Top of Dataset content

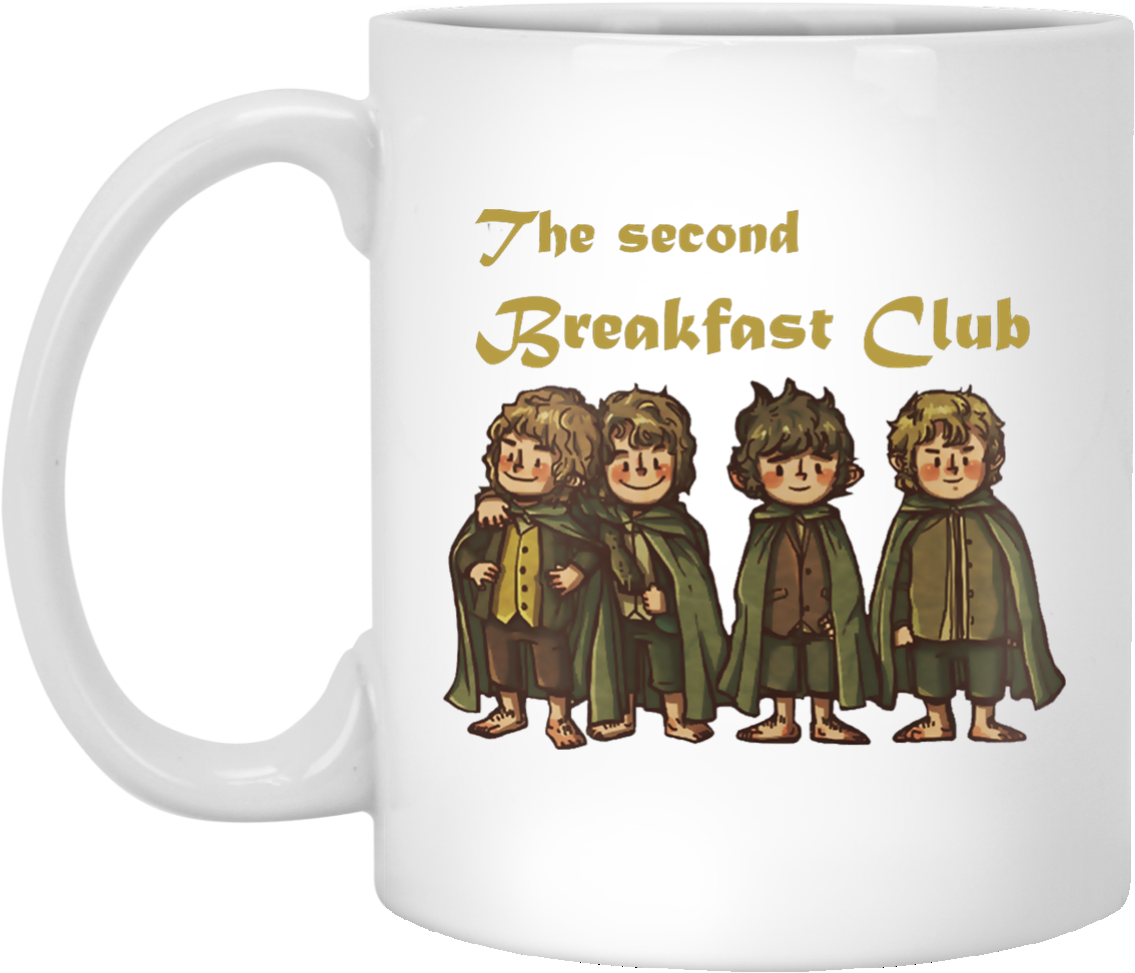 The Second Breakfast Club Mug - Second Breakfast Club Mug (1155x1155), Png Download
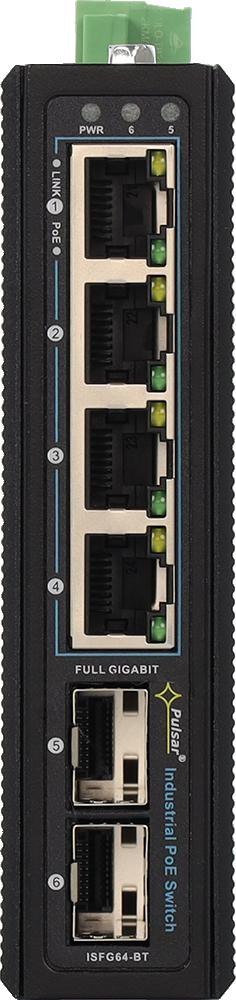 Switch przemysłowy ISFG64-BT PULSAR (4xPoE, 2xSFP)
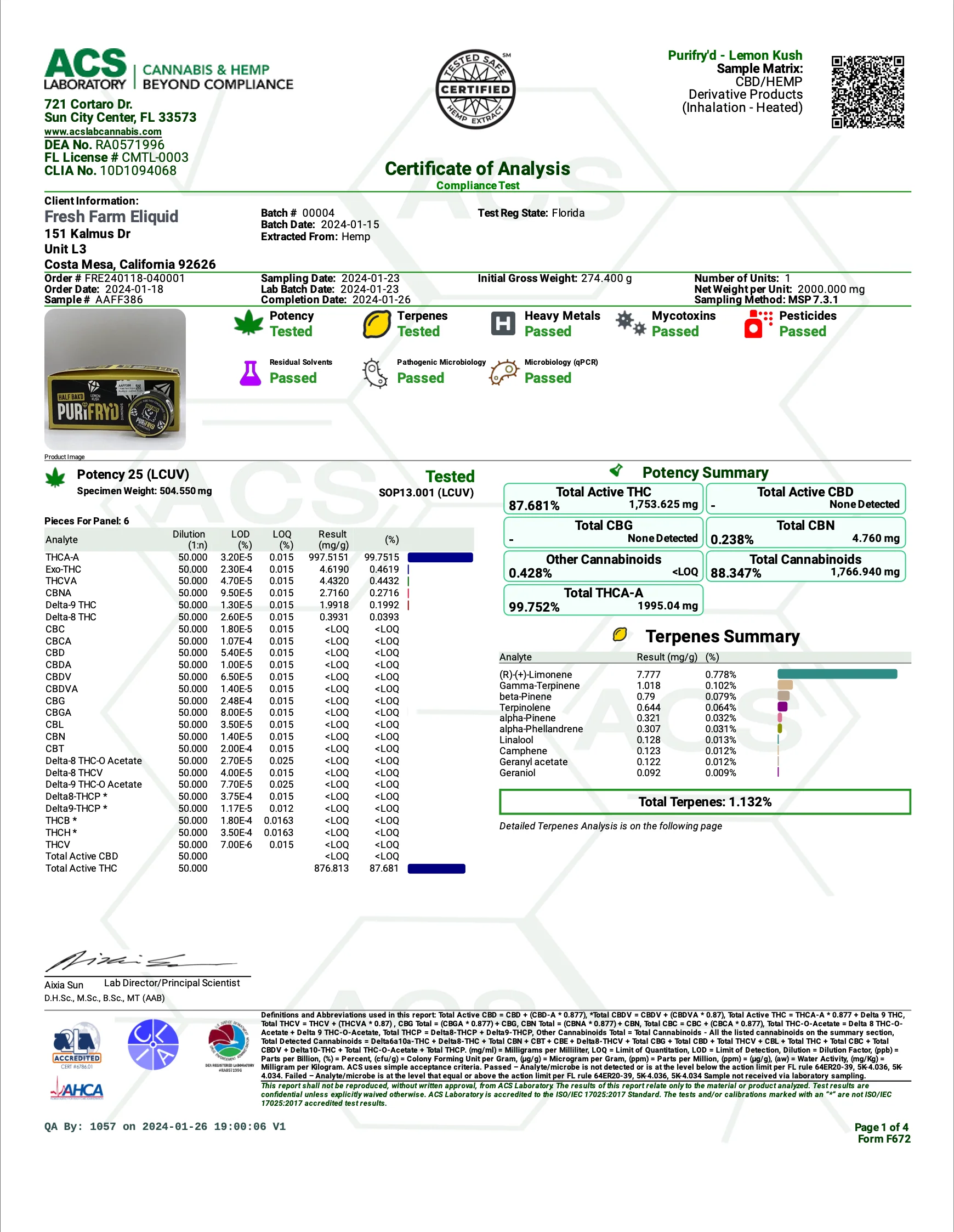 HALF BAK'D: PURE THCA PURIFRY'D DIAMONDS THCA SAUCE - 2G - Image 3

Bottom of Dataset content

Work task: Each line from the one containing "Switch przemysłowy ISFG64-BT" through the last line above should be retyped exactly, and no other line. Any picture is to be left out.

Result for this exercise:
 Switch przemysłowy ISFG64-BT PULSAR (4xPoE, 2xSFP)
 HALF BAK'D: PURE THCA PURIFRY'D DIAMONDS THCA SAUCE - 2G - Image 3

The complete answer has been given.